Fica claro quanto à decisão em comento que o julgador se valeu de suas impressões pessoais sobre os fatos, atuando de forma solipsista, vislumbrando, conforme seus interesses, uma “solução” para o perigo de se publicar um livro de grandeza histórica, mas de conteúdo indesejável.
Maria Celina Bodin de Moraes ressalta que “a aceitação racional das decisões judiciais deve ser guiada pela qualidade dos argumentos levantados e que a chamada ‘constitucionalização’ não pode funcionar como um pretexto a conferir ao magistrado carta branca para decidir conforme suas convicções pessoais” (in Na Medida da Pessoa Humana. Renovar, 2010, p. 16). Ronald Dworkin é categórico ao afirmar que “cada um pode ter a sua própria opinião, e a opinião do juiz não oferece mais garantias de verdade do que a de qualquer outra pessoa” (in Levando os Direitos a Sério. Martins Fontes, 2007, p. 431).

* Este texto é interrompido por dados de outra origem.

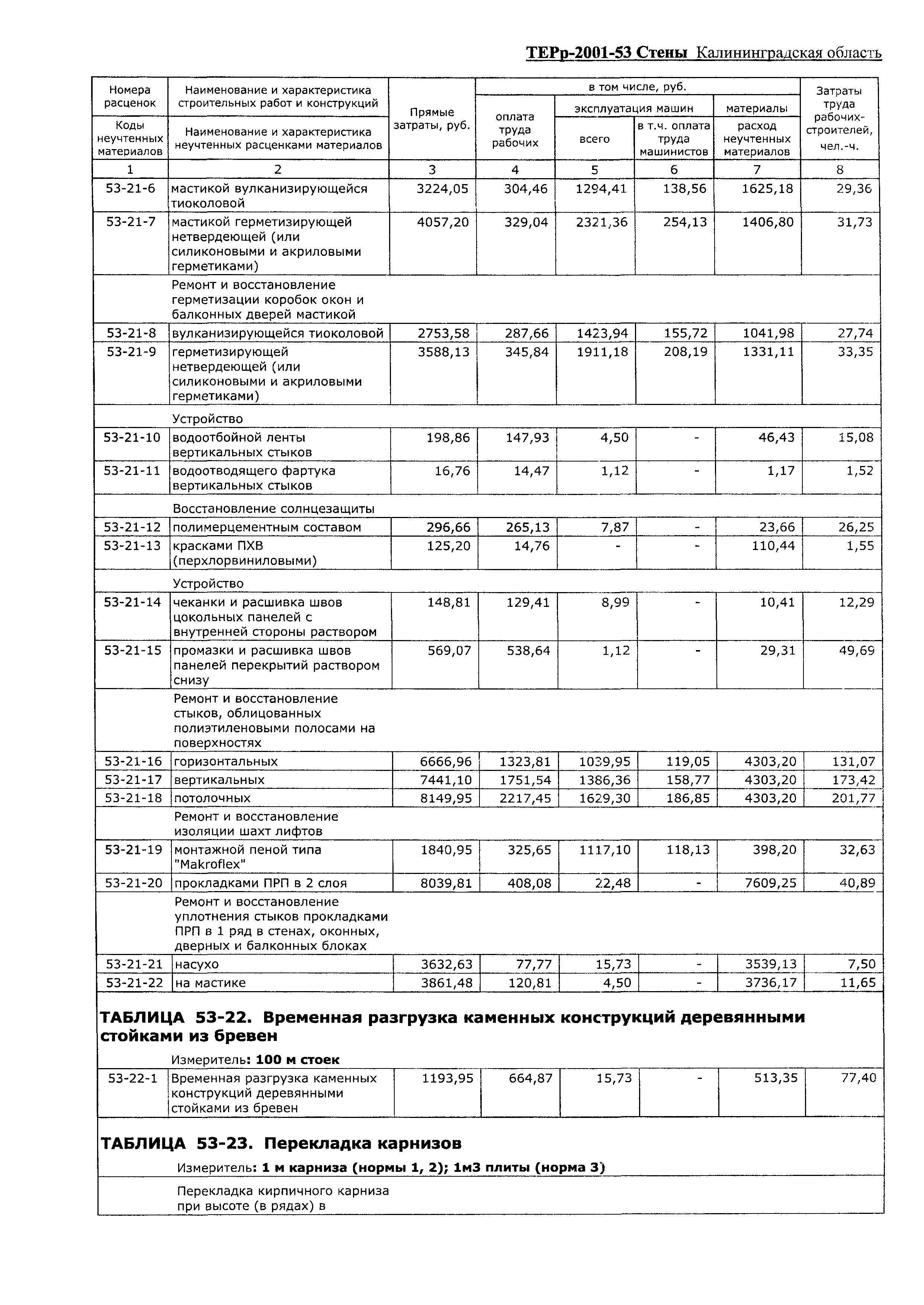 ТЕРр Калининградская область 2001-53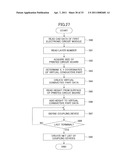 COUPLED ANALYSIS SIMULATION APPARATUS AND COUPLED ANALYSIS SIMULATION METHOD diagram and image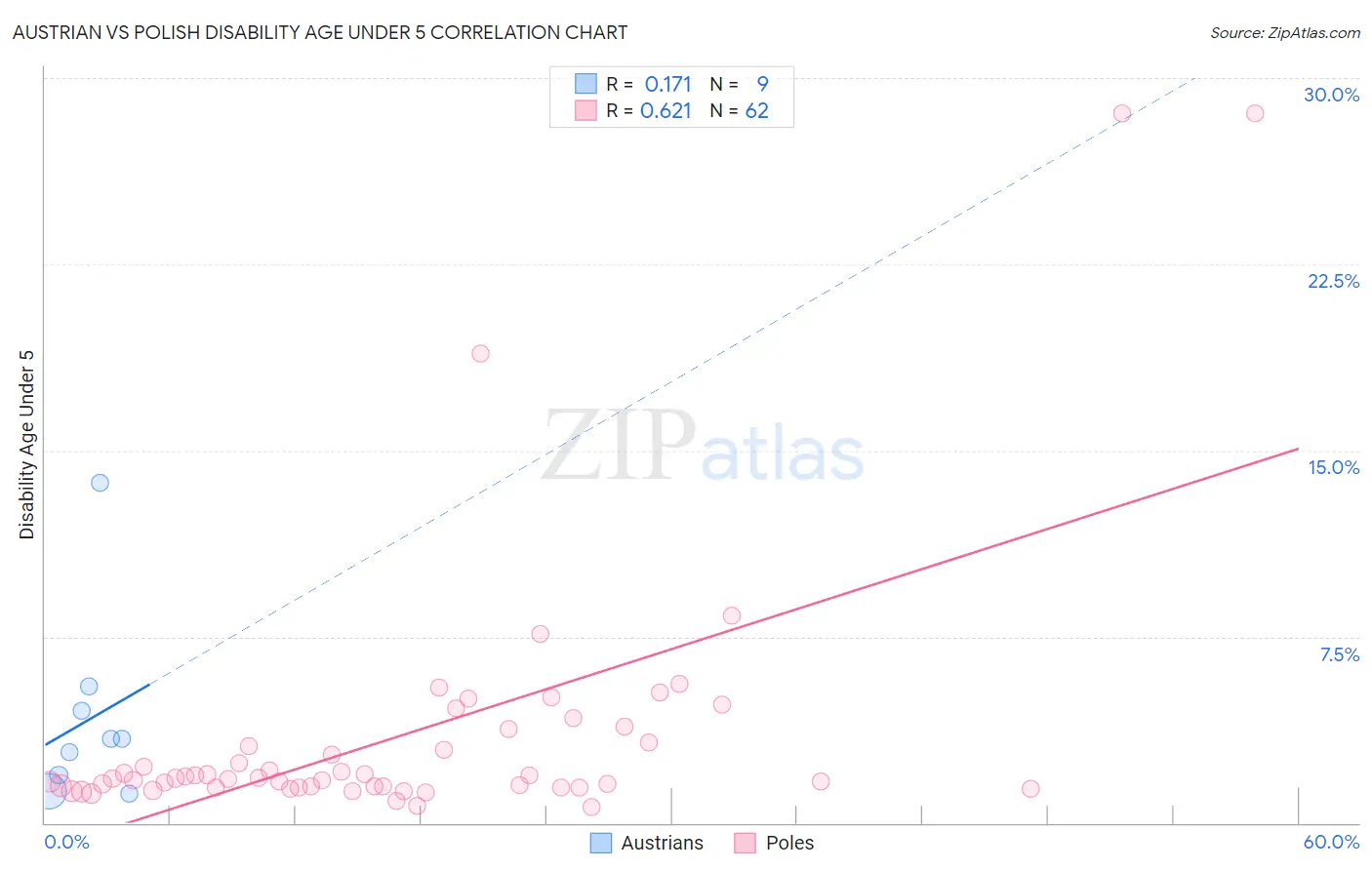 Austrian vs Polish Disability Age Under 5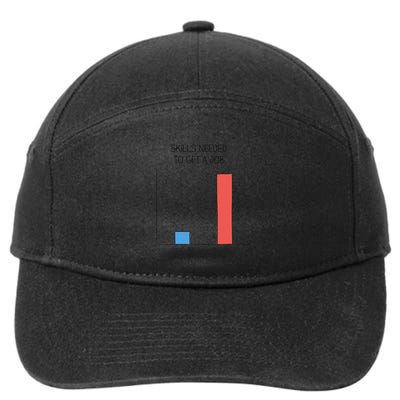 Funny Interview Meme Skill Need To Get A Job Vs Interview 7-Panel Snapback Hat
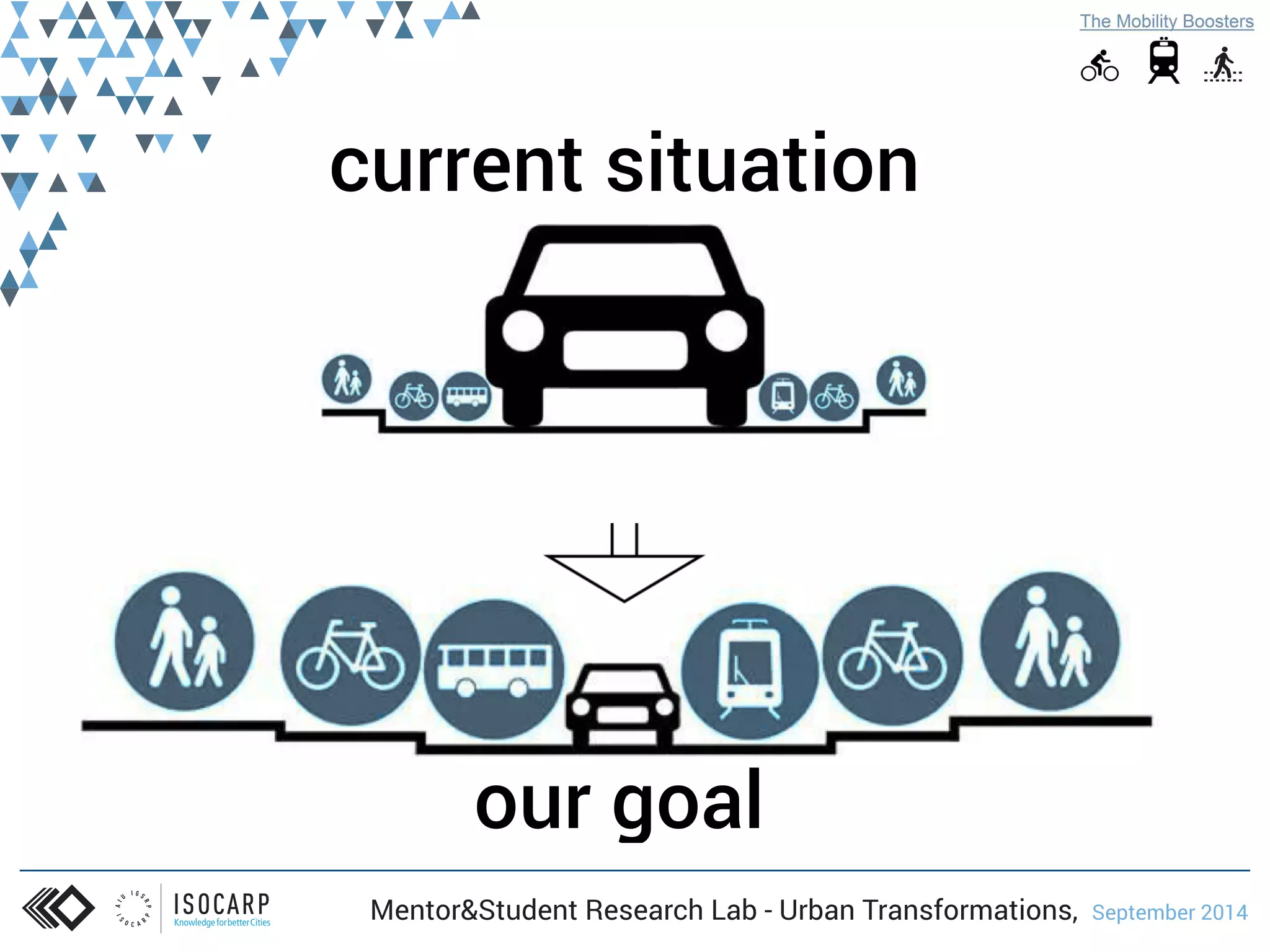 current situation 
our goal 
Mentor&Student Research Lab - Urban Transformations, September 2014 
 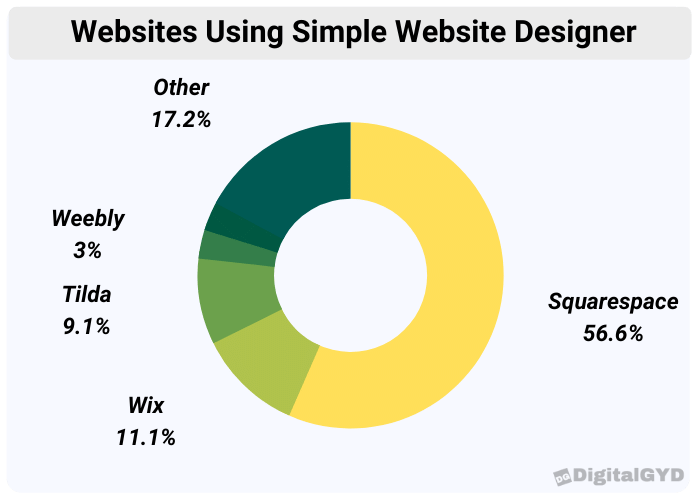 websites using simple website designer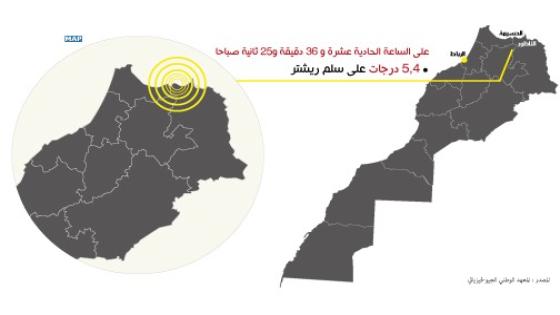 تسجيل هزة أرضية بقوة 5,4 درجات بعرض سواحل الحسيمة والناظور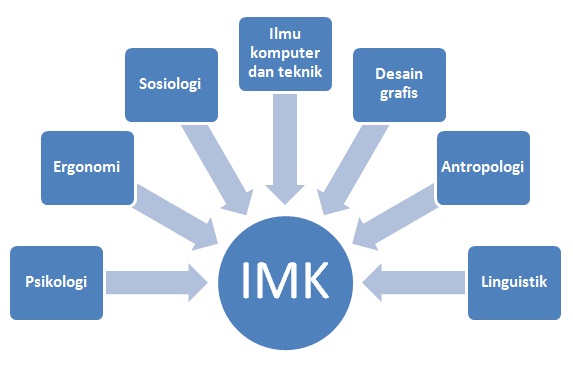 Teguh 28 Interaksi Manusia Dan Komputer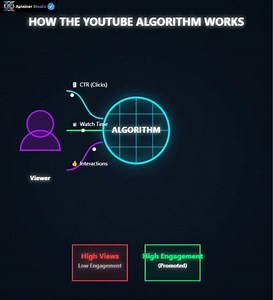 How The YouTube Algorithm ACTUALLY Works 🚨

Não estou aqui, evidentemente, defendendo Hitler nem qualquer prática de ódio. Mas me parece bastante claro que a proibição da publicação, sobretudo sem uma fundamentação mais adequada, é inócua e, mais ainda, indevida. Ademais, já enfrentamos hoje no Brasil uma inédita onda de ódio, fomentada por diversos setores. E, lamentavelmente, ela deve permanecer ainda por tempo indeterminado, publicando-se ou não publicando-se o livro de Hitler.